Assignment:
What you write must be the lines from the one holding "5.5KW portable air" through the final line of the records below, reproduced exactly, minus the pictures.

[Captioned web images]
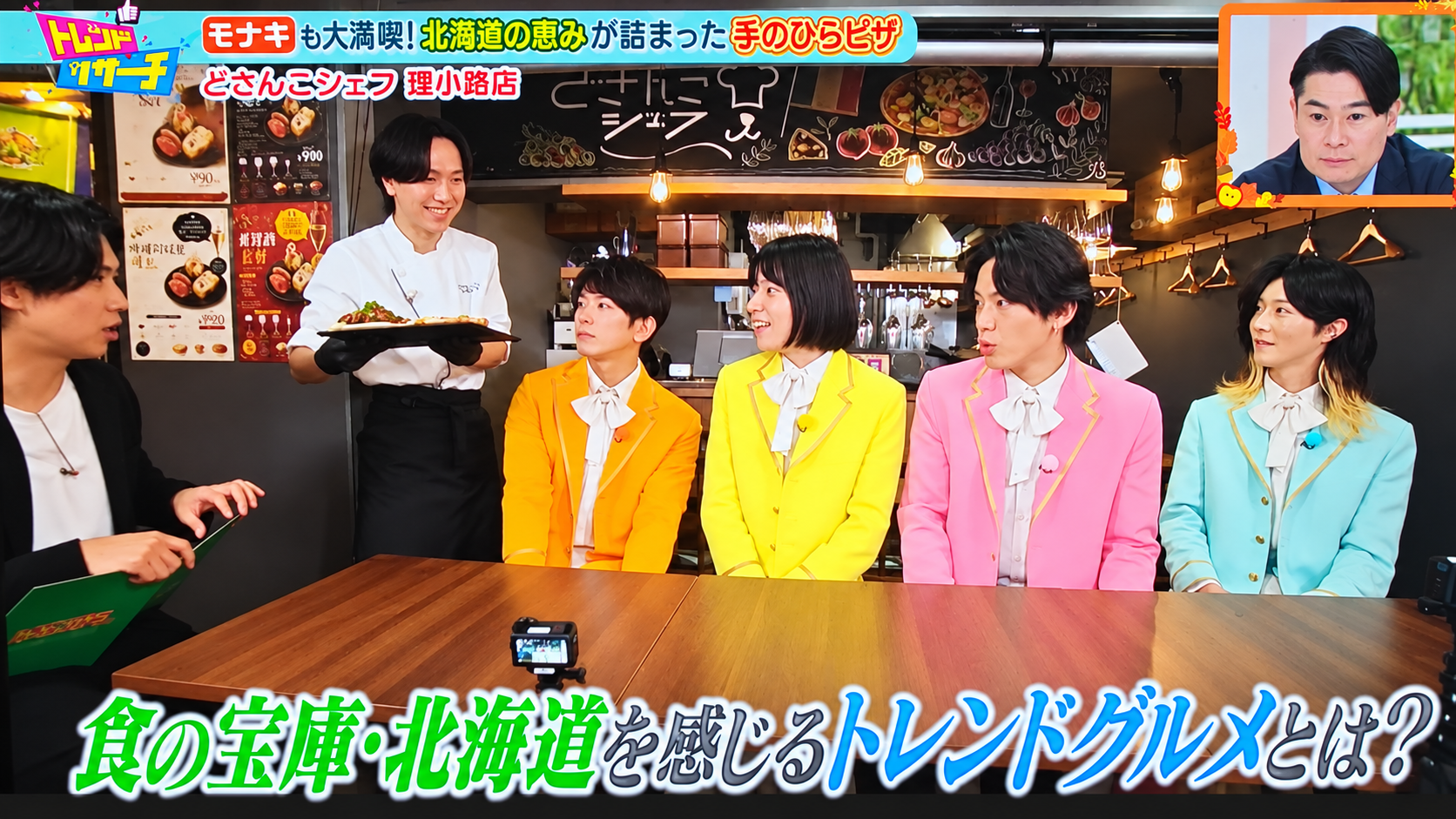 どさんこシェフ1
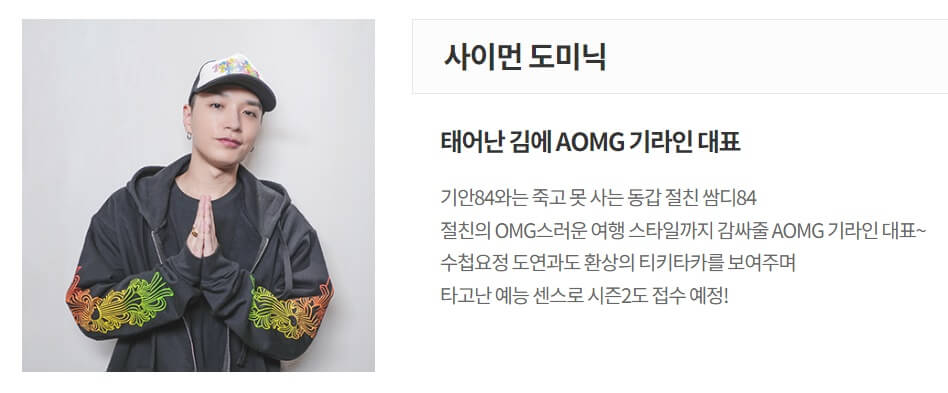 태어난 김에 세계일주2 태계일주2 사이먼 도미닉 출처 : MBC 홈페이지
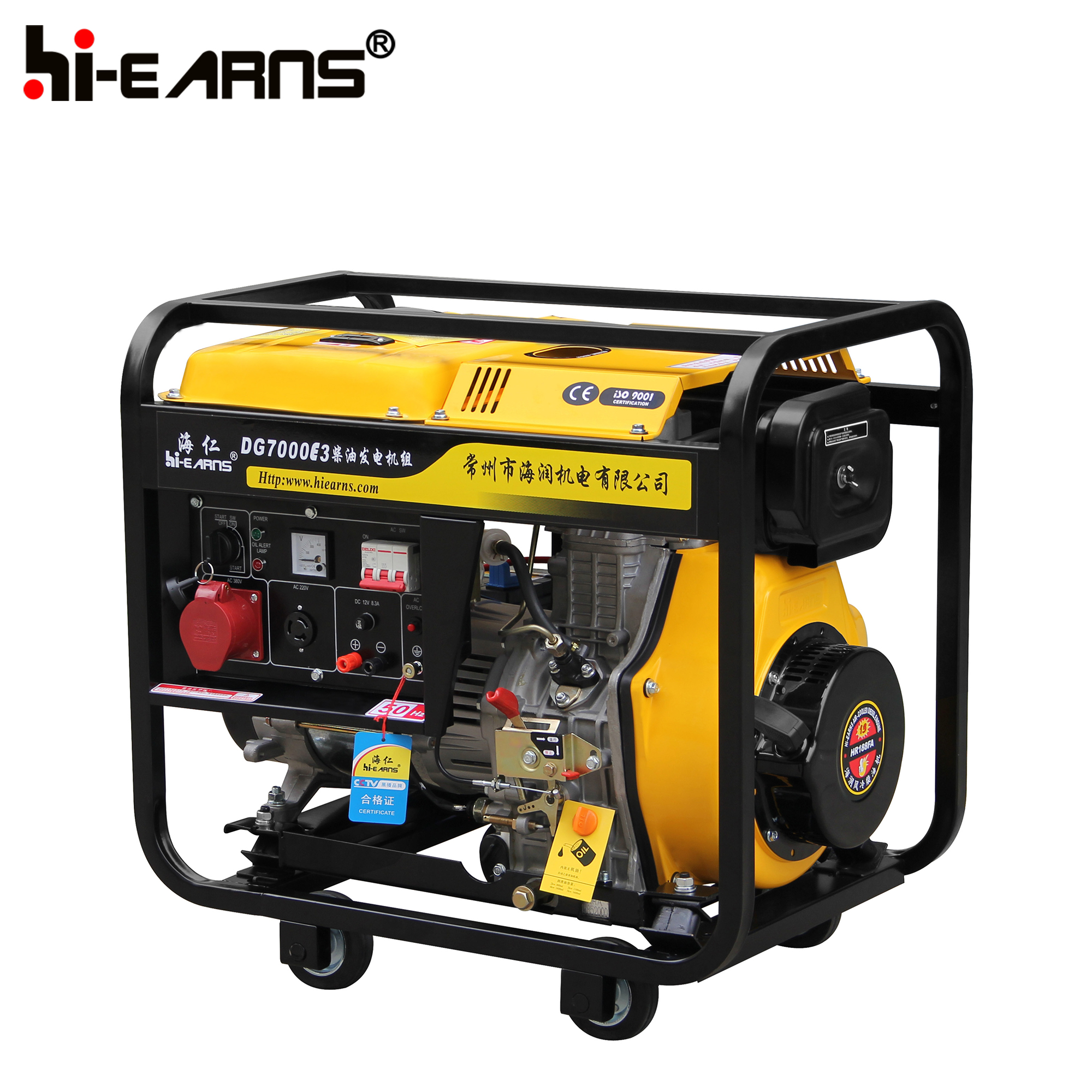 5.5KW portable air cooled with wheels  open frame diesel generator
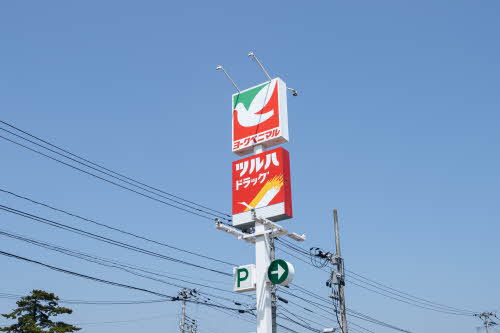 シャーメゾン青葉Ⅱ 202号-12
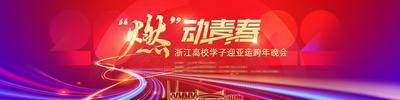 【南门网dcpsd.com】背景板 活动展板 杭州 亚运 青春 跨年 活力 2022 年会 主视觉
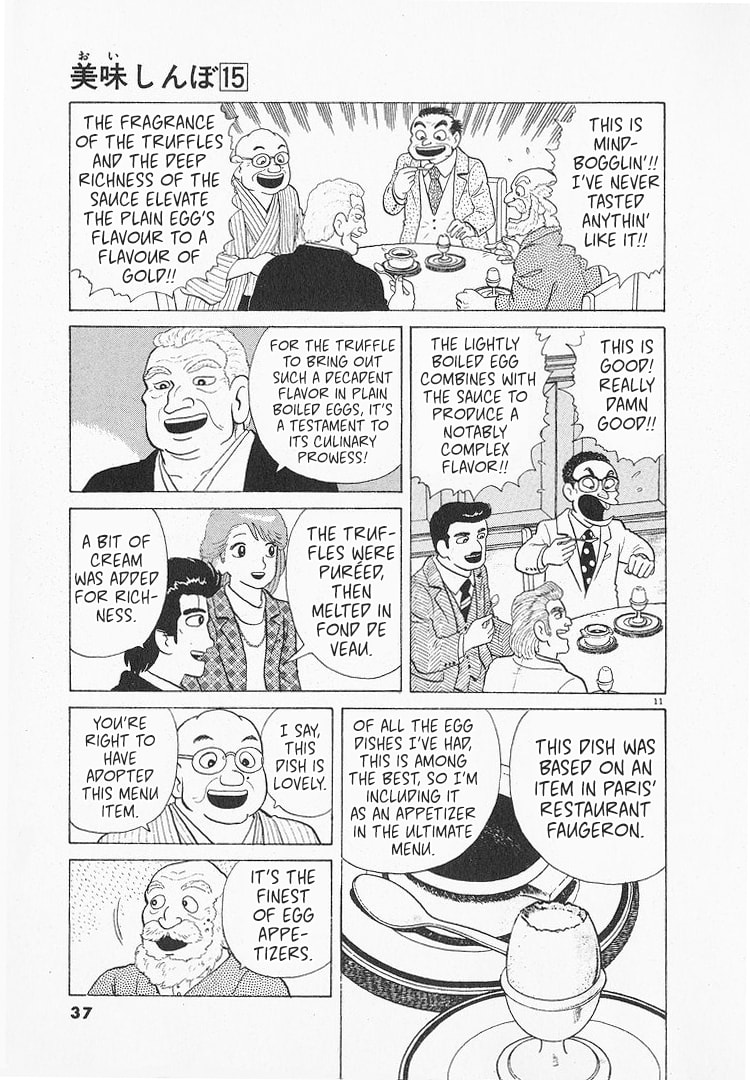 The Gourmet Chapter 133 page 11 -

Answer space:
 5.5KW portable air cooled with wheels  open frame diesel generator
 シャーメゾン青葉Ⅱ 202号-12
 【南门网dcpsd.com】背景板 活动展板 杭州 亚运 青春 跨年 活力 2022 年会 主视觉
 The Gourmet Chapter 133 page 11 -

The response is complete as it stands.